Nobody really thinks about servers when they are writing their code. I mean, I doubt any developer has ever thrown up their hands and said “Whoa, whoa, whoa. Wait just a minute. We’re not declaring any variables in this joint until I know what server we’re going to be running this on.” Or maybe you do. I have never ever done that. I always do it AFTER I’ve written the application. Come to think of it, maybe that explains a lot.
But besides, isn’t that the whole point of a Platform as a Service (PaaS)? Don’t services like Azure and Heroku and a host of others already enable you to deploy your code without knowing anything about the physical server where it’s running? Haven’t we solved this problem?
And if all of that is true, it seems to me that nearly everything in the cloud that is an “as a Service” product would be Serverless. Which means it would be easier to assume that everything is “Serverless” and just try to identify when something is not. I don’t even know what we could call that. Serverfull? Server as a Service? I know! VIRTUAL MACHINES.
I don’t think you can explain Serverless in one sentence. This is because Serverless isn’t a single concept. It’s really 3 concepts that are used together to create a new type of cloud service. So don’t feel bad if your pug doesn’t get it when you try to break it down. It’s not your fault and a pug is a dog. I’m relatively sure that mine forgets nearly everything every 24 hours. Every day I tell it to get off the couch and it acts like it’s never heard this information before.
Let’s look at the 3 properties that a technology must exhibit to be considered Serverless. These are the “Laws of Serverless”.
Law of Furthest Abstraction
The “Law of Furthest Abstraction” says that you have no knowledge of the underlying system where your code runs.
This is different from a PaaS. A PaaS hides the operating system, but you still need to know about the runtime and you still need to have some system knowledge.
For instance, Azure’s PaaS is called “App Service”. When you create an App Service instance, you need to tell it what sort of App Service Plan you want to use. That service plan defines how much memory and CPU your instance will receive. For instance, here’s what the B (Basic) tier App Service Plans look like…
This means App Service is not Serverless.
A service in Azure that is Serverless would be Azure Functions. Azure Functions has no concept of App Service Plans. You run your code in Azure Functions and it will receive all the computing power that it needs when it needs it. It’s up to Azure Functions to figure that out.
How does that even work?!?
It works becdause of the second law of Serverless: The Law of Inherent Scale.
The Law of Inherent Scale
The Law of Inherent Scale says that scaling is an intrinsic attribute of the technology; so much so that it just happens automatically.
With Azure Functions, scaling just occurs. And remember, scaling is both out and back. It’s not enough to be able to scale out, the service needs to also be able to scale back; all the way to zero. That last part is important as you’ll see when we get to the third and final law.

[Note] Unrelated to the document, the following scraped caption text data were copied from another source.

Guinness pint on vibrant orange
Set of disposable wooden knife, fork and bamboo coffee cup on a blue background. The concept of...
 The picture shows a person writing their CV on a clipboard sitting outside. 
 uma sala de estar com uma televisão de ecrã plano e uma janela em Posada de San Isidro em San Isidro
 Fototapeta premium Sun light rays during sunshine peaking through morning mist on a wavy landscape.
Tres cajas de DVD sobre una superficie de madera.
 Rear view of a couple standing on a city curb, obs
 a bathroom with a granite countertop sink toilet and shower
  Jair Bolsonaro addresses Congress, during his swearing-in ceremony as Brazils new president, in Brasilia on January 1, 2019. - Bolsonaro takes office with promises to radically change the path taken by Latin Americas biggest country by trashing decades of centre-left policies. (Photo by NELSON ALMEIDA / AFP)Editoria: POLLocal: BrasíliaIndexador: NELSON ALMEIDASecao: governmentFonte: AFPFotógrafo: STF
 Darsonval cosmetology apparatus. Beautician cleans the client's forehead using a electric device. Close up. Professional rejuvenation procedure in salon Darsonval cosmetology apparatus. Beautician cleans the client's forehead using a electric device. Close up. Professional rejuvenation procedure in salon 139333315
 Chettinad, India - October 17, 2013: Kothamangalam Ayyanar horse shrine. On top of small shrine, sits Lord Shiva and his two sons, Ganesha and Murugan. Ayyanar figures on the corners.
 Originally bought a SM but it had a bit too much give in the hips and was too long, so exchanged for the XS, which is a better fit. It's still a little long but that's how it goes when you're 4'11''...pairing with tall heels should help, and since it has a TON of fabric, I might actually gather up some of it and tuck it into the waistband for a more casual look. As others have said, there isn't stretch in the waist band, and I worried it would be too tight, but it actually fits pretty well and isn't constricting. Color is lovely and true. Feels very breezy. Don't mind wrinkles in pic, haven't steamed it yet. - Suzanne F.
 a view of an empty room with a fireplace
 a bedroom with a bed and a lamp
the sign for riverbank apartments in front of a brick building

The way that Azure Functions accomplishes this is by adding servers as your demand spikes, and removing them as the demand subsides. This includes putting your app back on cold disk if it hasn’t been called for a period of time. It then has to rehydrate the application when the next invocation occurs.
You can actually watch this happen in realtime by simulating some load on an Azure Functions instance. Watch the GIF below and you can see the number of servers increase as the CPU gets pegged.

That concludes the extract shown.